Question:
I am trying the following code and it does not convert to unicode. Can you help?
HRESULT hr;
IChilkatCharset2Ptr cs;
char dest[1024];
hr = ::CoInitialize(NULL);
hr = cs.CreateInstance("Chilkat.Charset2");
if (FAILED(hr))
return FALSE;
hr = cs->UnlockComponent("AnythingWorksFor30DayTrial");
cs->FromCharset = "iso-8859-1";
cs->ToCharset = "utf-8";
_bstr_t indata = _bstr_t("Din Saveme konto behøver din opmærksomhed");
_variant_t v = indata;
_bstr_t outdata = cs->ConvertToUnicode(v);
CoUninitialize();
Answer:
A _bstr_t is an object that contains a Unicode string. The _bstr_t stores the string in memory using Unicode (ucs-2, 2-bytes/char). This line of code is where an ANSI-to-Unicode implicit conversion is happening:
_bstr_t indata = _bstr_t("Din Saveme konto behøver din opmærksomhed");
Assuming you saved your C++ source file using the ANSI charset, the compiler generated code to initialize the _bstr_t from an ANSI string. At this point, there is nothing more to do. You already have Unicode.

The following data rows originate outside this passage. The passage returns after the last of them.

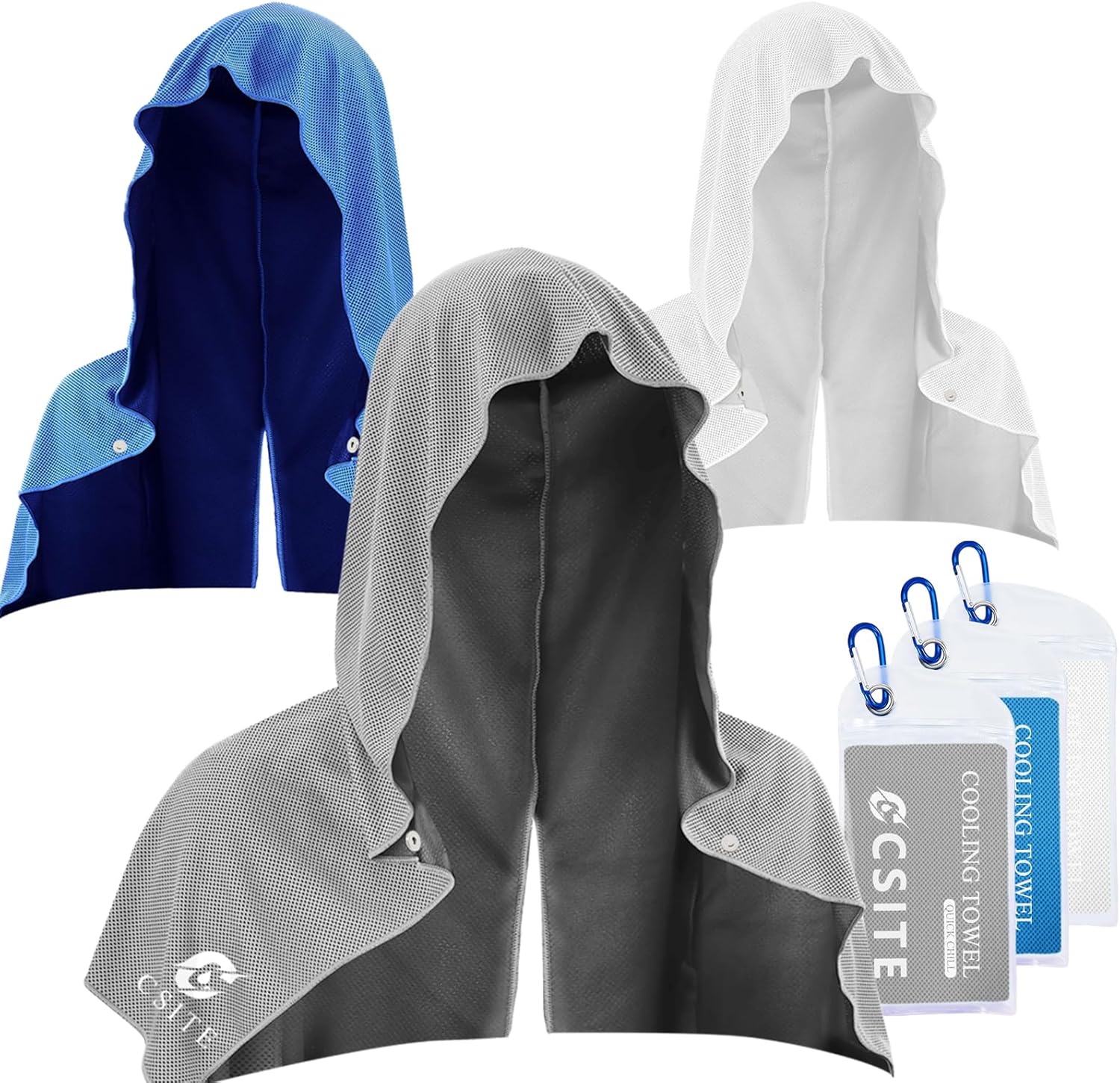 UPF 50 Cooling Hoodie Towel – Instant Cooling Neck & Face Towel for Sports, Gym, and Outdoor Activities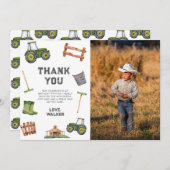 Waterverf Groene Tractor Foto 2e Verjaardag Bedankkaart (Voorkant / Achterkant)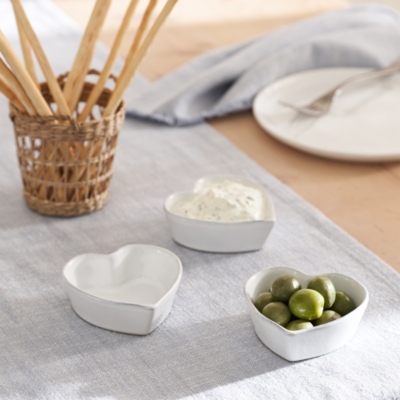 Small Porto Heart Dishes – Set of 3 - White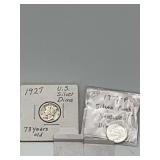 1958 P Roosevelt Silver Proof Dime Bu & 1927 Mercury Dime 78 Years Old Both Nice Coins
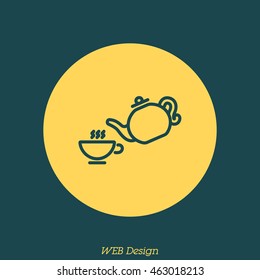 Web line icon. Cup and teapot, Tea ceremony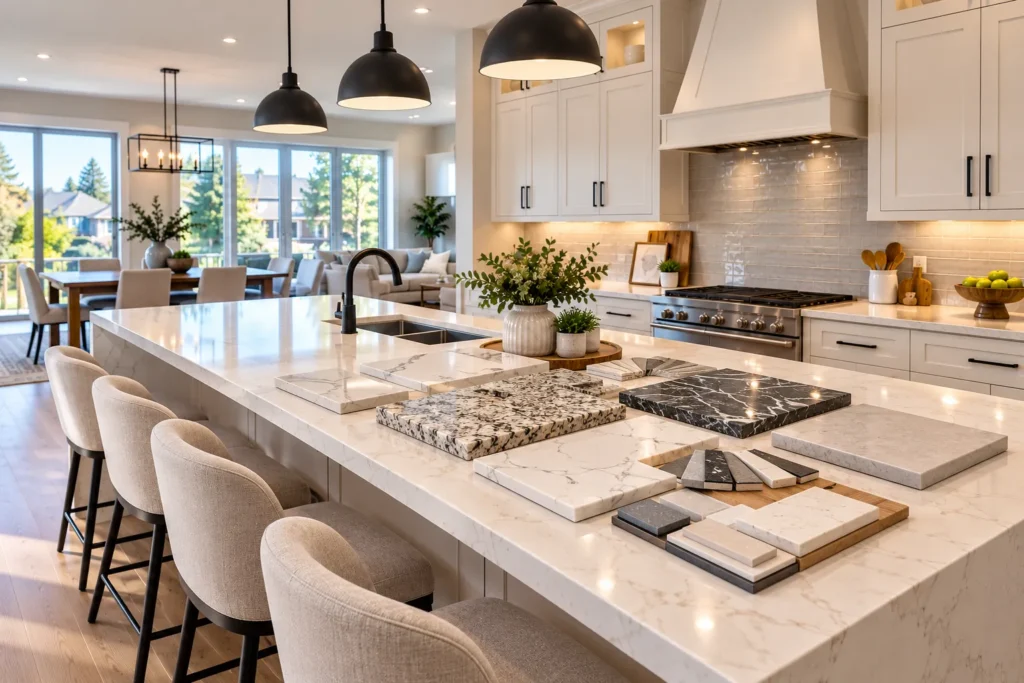 Professional countertop installation in a Cambridge kitchen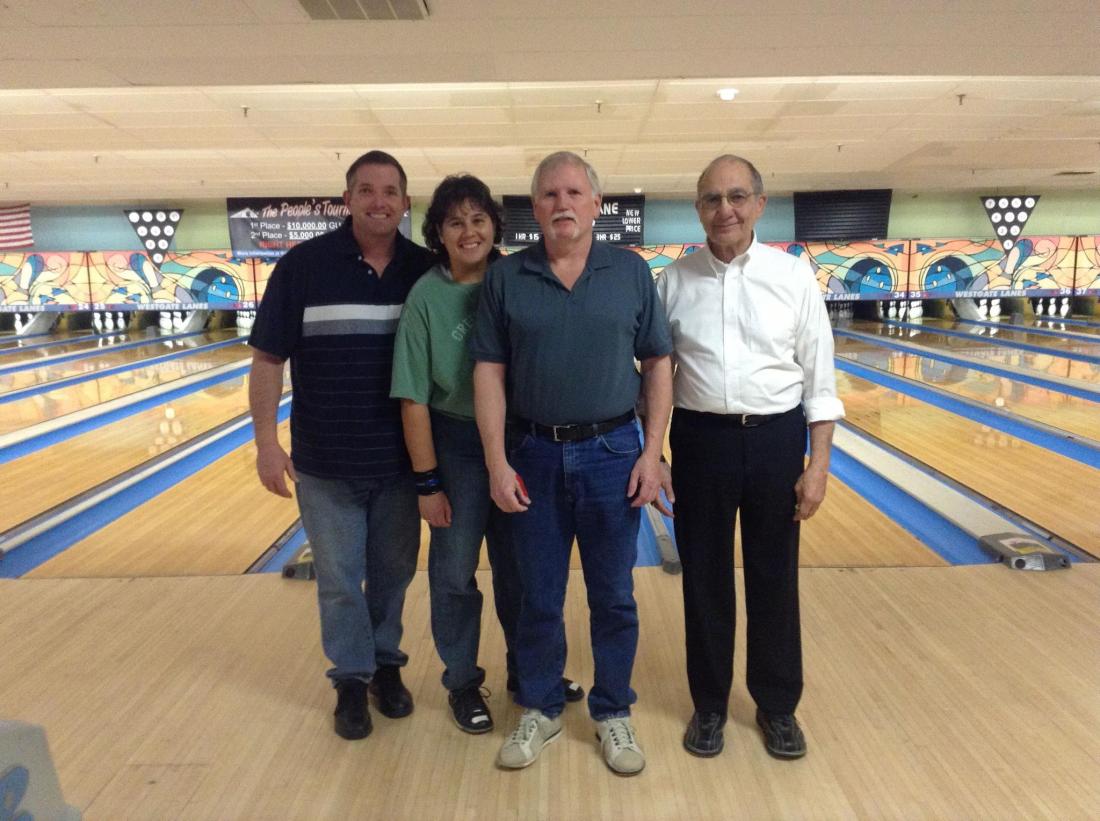 2012-13 Coke Classic League 2nd third champions, "Riordan" (L-R: Tim Riordan, Tina Gannon, Bill Briggs, Tony Attardo)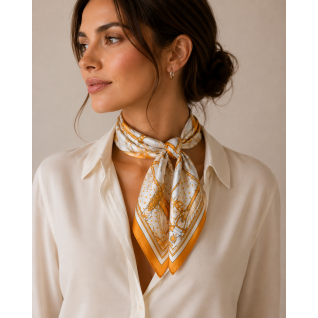 SILK SCARF - ORANGE 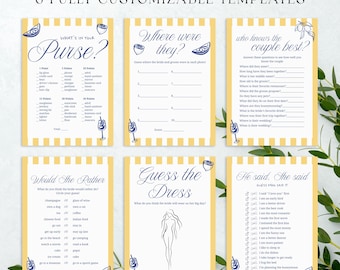 That's Amore Amalfi Coast Bridal shower Games template, Italian pizza and pasta invite, italian style bridal editable, Hand drawn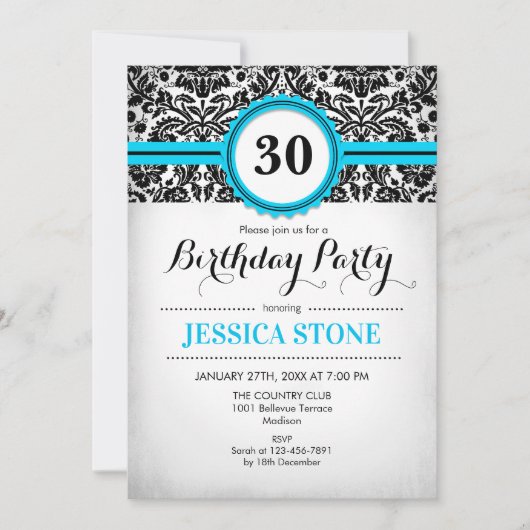 30e verjaardag - Aqua Blue Zwart Wit Damask Kaart (Voorkant)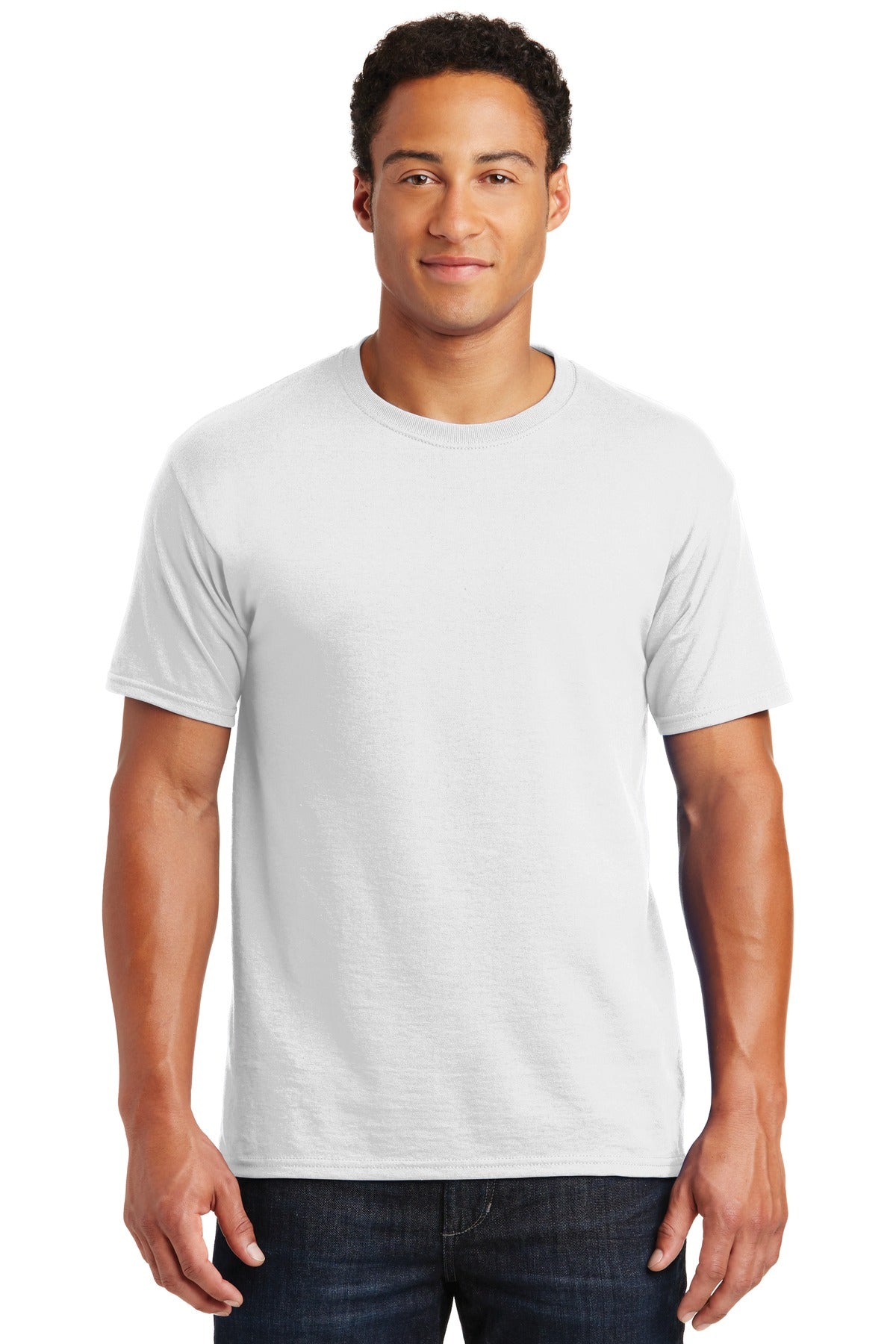 Front View of White Jerzees - Dri-Power 50/50 Cotton/Poly T-Shirt. 29M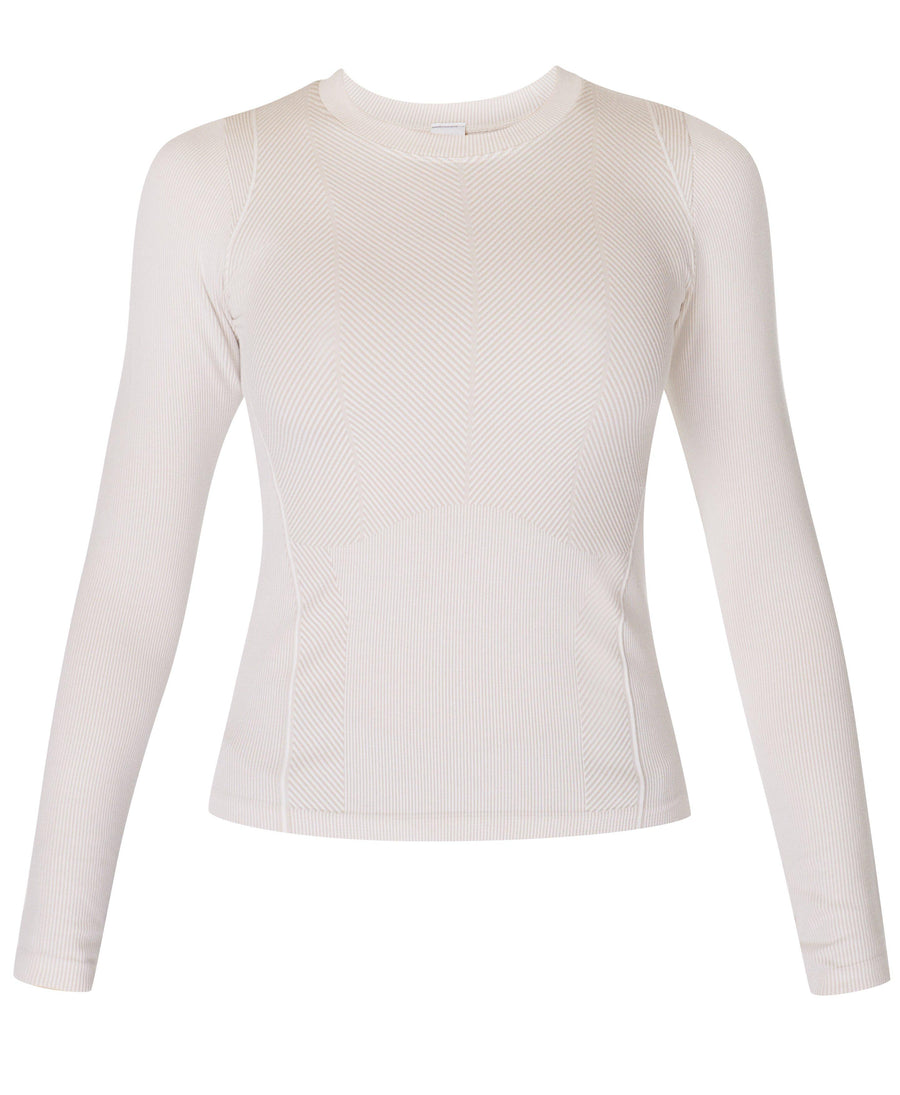 Mindful Crop Long Sleeve Top Sb9792 Cloudwhite-Dustybeig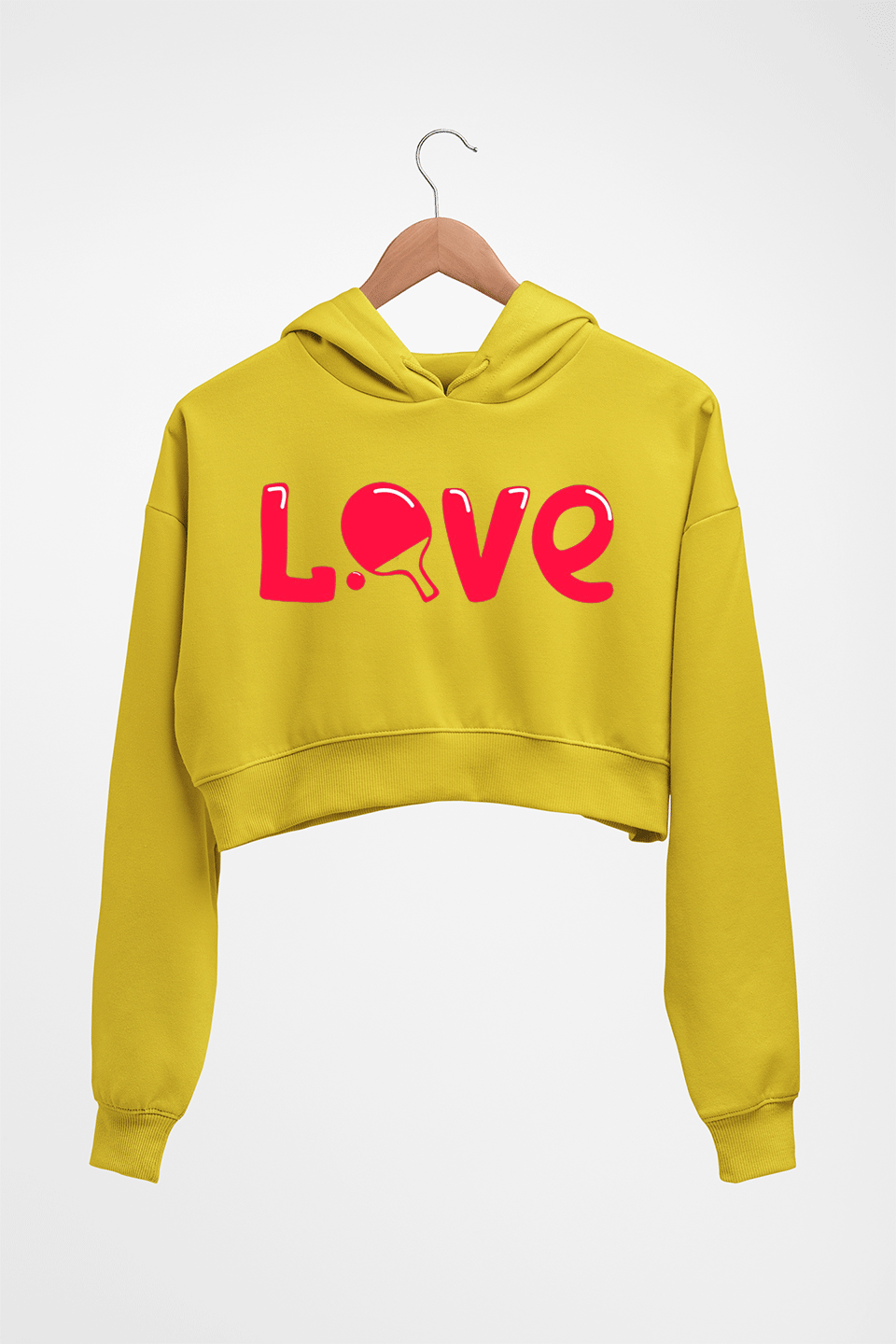 Love Table Tennis (TT) Crop HOODIE FOR WOMEN-Mustard Yellow-Ektarfa.online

(If you saved your C++ source file in a non-ANSI charset, such as utf-8, then the compiler still generates code to convert from ANSI to Unicode, but since the bytes are utf-8, they will not be interpreted correctly. Utf-8 is the multi-byte encoding of Unicode.
see Charset 101.
Let’s say you still want to call ConvertToUnicode. What would the code look like?
cs->FromCharset = "ucs-2";
// The ToCharset does not apply when calling ConvertToUnicode, so this is not necessary:
//cs->ToCharset = "utf-8";
// The _bstr_t contains Unicode (ucs-2), so the FromCharset (above) is ucs-2
_bstr_t indata = _bstr_t("Din Saveme konto behøver din opmærksomhed");
// The _variant_t now contains the _bstr_t, but nothing has changed..
_variant_t v = indata;
// We're now calling ConvertToUnicode -- converting from ucs-2 to ucs-2.
// Internally, ConvertToUnicode is just making a copy of the string (no conversion necessary)
_bstr_t outdata = cs->ConvertToUnicode(v);